Your facial expressions, body posture, gestures, tone of voice and eye contact are a few ways in which you engage in nonverbal communication. Nonverbal communication can be used alone or alongside verbal communication. Either way, your nonverbal communication can affect the messages you send, your relationships and your cultural interactions and help you negotiate through conversations.
Nonverbal communication can add valuable information to the verbal messages that you are sending. According to Stella Ting-Toomey, writing in "Communicating Across Cultures," nonverbal signals can be used to complement, emphasize, substitute, and even contradict what you are saying through your verbal communication. Nonverbal signals can place the verbal message in a context that provides a basis for how the message should be interpreted. In addition, nonverbal cues help you to clarify what the other person is trying to say by responding to their words with your nonverbal signals, suggests Ting-Toomey.

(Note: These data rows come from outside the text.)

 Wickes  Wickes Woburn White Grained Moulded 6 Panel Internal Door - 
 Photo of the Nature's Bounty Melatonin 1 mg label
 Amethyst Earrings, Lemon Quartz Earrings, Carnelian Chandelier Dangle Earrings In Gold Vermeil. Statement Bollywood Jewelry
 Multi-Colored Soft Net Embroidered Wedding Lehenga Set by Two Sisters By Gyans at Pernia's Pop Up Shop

Cultural differences can cause nonverbal signals to create friction. According to Ting-Toomey, nonverbal signals mean different things to people from different cultures. The use of multiple nonverbal cues displayed with each message can create confusion, and factors of gender, personality, socioeconomic status and situation can cause the meaning behind the nonverbal signals to vary greatly. Nonverbal communication can be powerful, but when used among non-homogeneous groups the effects can cause confusion and miscommunication.
Effects on Relationships
According to Help Guide, nonverbal cues impact the quality of your relationships and, when used correctly, can improve your relationships. Nonverbal signals can help you gain an accurate reading of others' unspoken feelings and underlying messages, create feelings of trust through the transparency they create and demonstrate understanding and interest, reports Help Guide. If used correctly, nonverbal communication can improve relationships with others, but if it's poorly used, your relationships may suffer through a loss of connections and trust.

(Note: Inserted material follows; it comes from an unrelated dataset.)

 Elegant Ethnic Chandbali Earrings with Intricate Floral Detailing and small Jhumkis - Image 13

Lewicki, Barry, and Saunders, writing in "Essentials of Negotiation," describe attending behaviors as nonverbal communication techniques that affect how you connect with others. These behaviors allow others to know you are listening and help them to receive your message. Important attending behaviors include eye contact, body position and encouraging.

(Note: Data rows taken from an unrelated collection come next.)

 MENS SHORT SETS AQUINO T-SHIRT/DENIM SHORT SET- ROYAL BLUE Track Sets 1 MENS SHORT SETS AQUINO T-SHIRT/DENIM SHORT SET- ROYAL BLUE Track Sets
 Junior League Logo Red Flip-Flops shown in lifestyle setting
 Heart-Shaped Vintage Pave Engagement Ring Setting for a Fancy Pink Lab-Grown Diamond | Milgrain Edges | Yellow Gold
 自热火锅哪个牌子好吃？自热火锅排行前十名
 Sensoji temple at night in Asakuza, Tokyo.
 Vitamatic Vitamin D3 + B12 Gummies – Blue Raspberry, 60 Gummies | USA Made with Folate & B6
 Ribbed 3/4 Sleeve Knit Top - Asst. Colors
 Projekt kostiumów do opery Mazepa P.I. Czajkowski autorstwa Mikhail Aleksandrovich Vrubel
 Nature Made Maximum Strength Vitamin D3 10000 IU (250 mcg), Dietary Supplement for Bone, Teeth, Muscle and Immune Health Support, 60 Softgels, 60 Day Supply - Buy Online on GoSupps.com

Eye contact allows you to tell the other person that you are interested and want to continue the conversation, and lack of eye contact displays your lack of interest and hope that the conversation will end. Adjustments in your body position such as erect, slightly leaning toward the other person and facing each other directly allow for the conversation to continue because both of you are still interested. When you cross your arms or bow your head, you send the message that you disapprove of the information or are through with the conversation. Nonverbal behaviors, such as face-to-face interaction, also enhance your rapport, causing the communication to become more coordinated and have increasingly positive outcomes.